Paradox, Bruce Lee and Jeet Kune Do - Keep what is useful, discard what is not

One of Bruce Lee's ideas was that in the study of any fighting art, you should keep the techniques that are useful and work for you and get rid of the ones that don't. He believed that you should question what you learn and not study by rote.

This concept is sound. There is no point endlessly practicing techniques that do not work for you.
As with many topics, there is a caveat. In order to throw out what is not useful, first you need to learn and fully understand what it is you are discarding. You need to fully explore, understand and nearly master a technique before relegating it to the trash.

When I first learned the technique Sankyo, I felt it was unrealistic and believed I would never really use it. I was tempted to give it no more thought or practice and clear it from my mind. Now, Sankyo is one of my favorite techniques. It's one of my 'go to' defenses from strikes, chokes, bear hugs etc. I have learned how to enter into it from a variety of angles and from a variety of attacks. I can apply it causing extreme pain to my opponent while keeping myself out of harms way.

I first learned it from a handshake. The likelihood of applying it from a handshake is low, but it's a good way to learn the mechanics of the technique.

It is important to be critical of what we learn. We cannot be slaves to curriculum if techniques don't work for us. We need to adapt to our body styles and our abilities. If we want to study a martial art for it's combat applications, we cannot fill our heads with unrealistic techniques. However, our minds must remain open. We cannot judge prematurely.

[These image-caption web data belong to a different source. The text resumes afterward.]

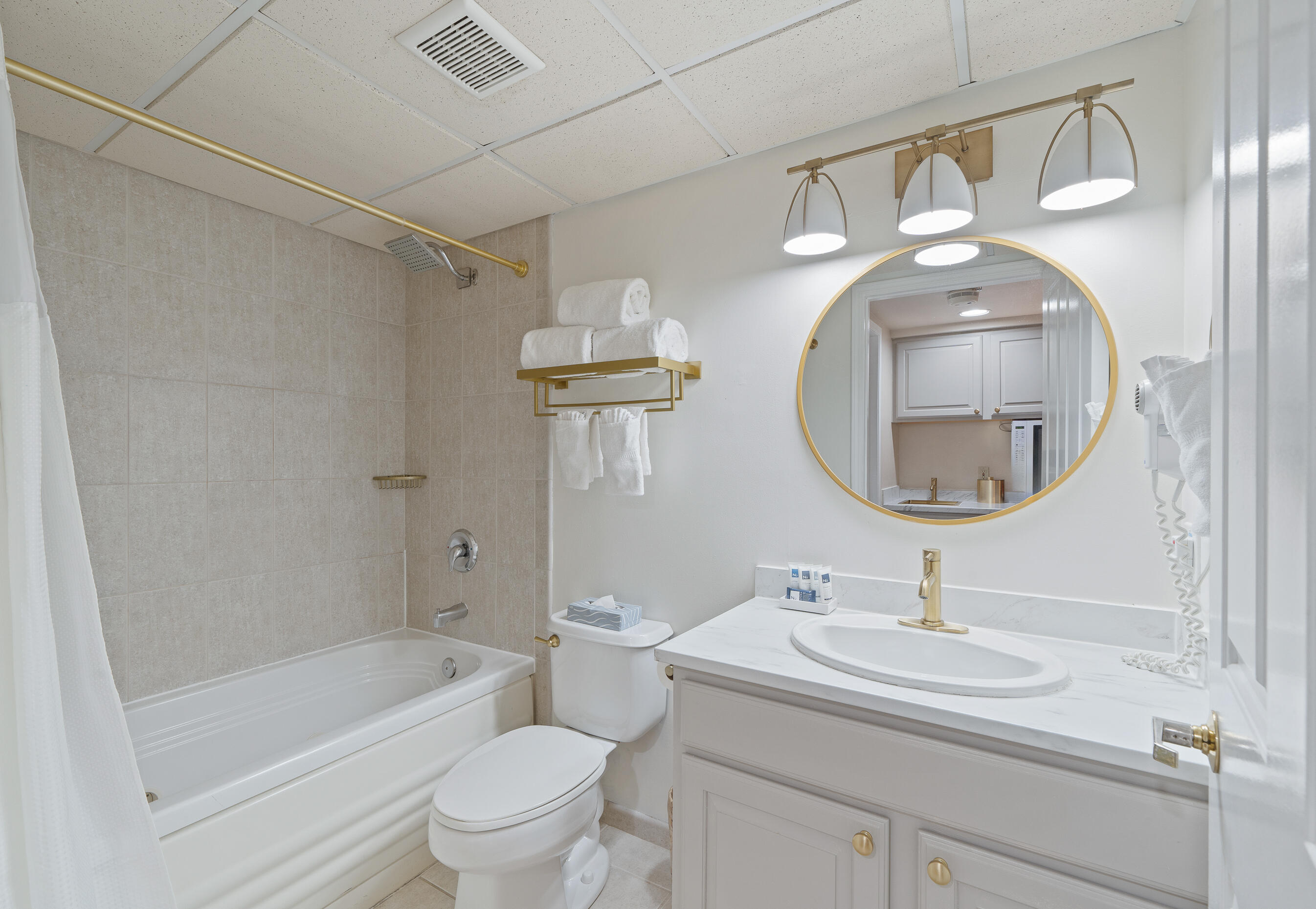 335 Wrigley Drive, Unit 308 Lake Geneva, WI 53147 - Photo 13 of 49 Bathroom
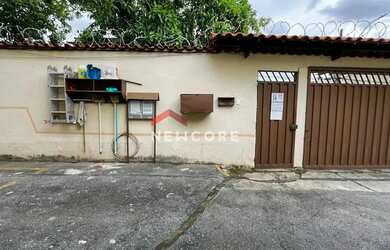 Imagem: A casa possui 2 Dormitórios, 1 Banheiro, 1 Vaga na garagem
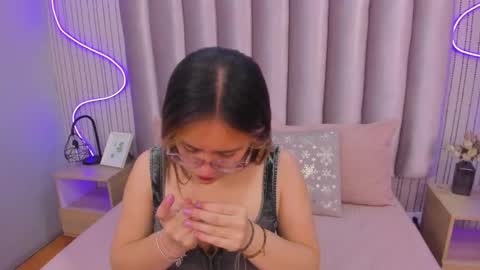 Alejandra  online show from November 2025 12:04:01 PM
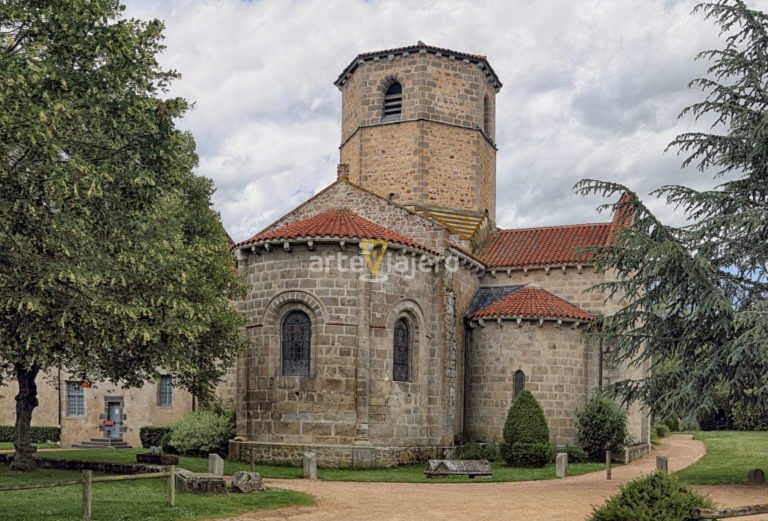 SaintHilairelaCroix, Auvergne ArteViajero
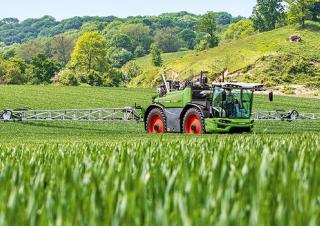 Samojízdné postřikovače Fendt Rogator 665 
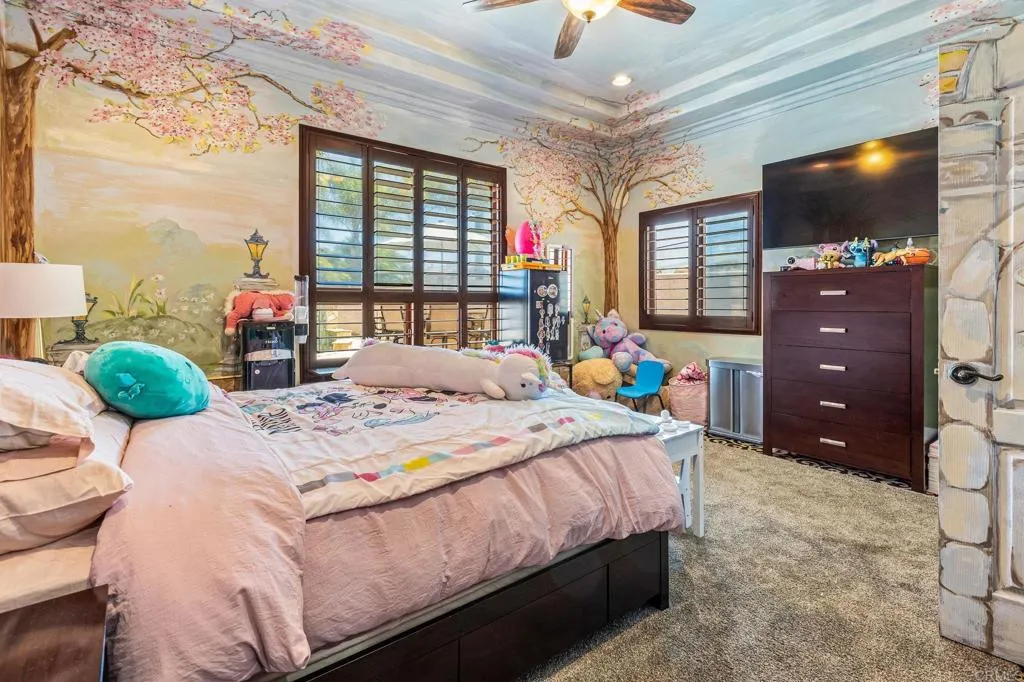 https://cdn.realtyfeed.com/cdn/127/306785695/13681071e18bfb7987eb01b28bafe4f1.webp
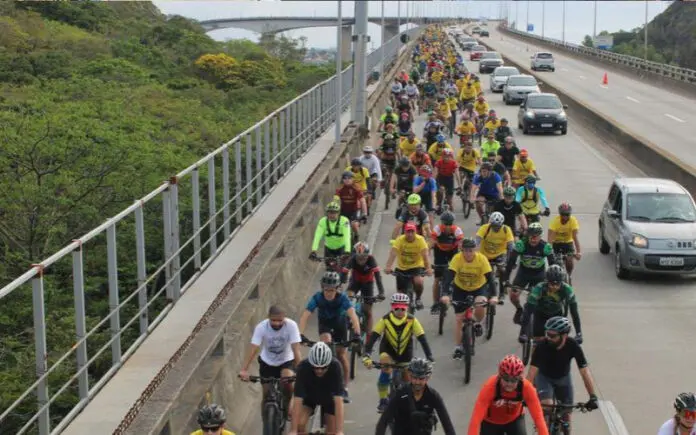 Participantes durante edição anterior do Pedalaço Pela Paz, em Vitória.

It's the paradox of the martial arts. First you must practice and master a technique before you know if you can throw it away. You must learn it before you un-learn it.

1 comment:

  1. Nice post. I decided fairly recently that I have been too quick to decide that a technique is no good. I started to realise that the techniques I was being taught were good, it was just me that was no good at executing them! I now realise that it takes time to master the small nuances that turn a technique from mediocre to brilliant - a slight change in hand or foot position, more twist or unbalancing, moving slightly closer to your opponent - things like this can make all the difference. I now give myself time to learn the technique properly before I decide it won't work for me. I think it's about having trust in my instructor - he wants me to suceed not fail so I have to trust that what he teaches me is good, I just have to give myself time to make it good.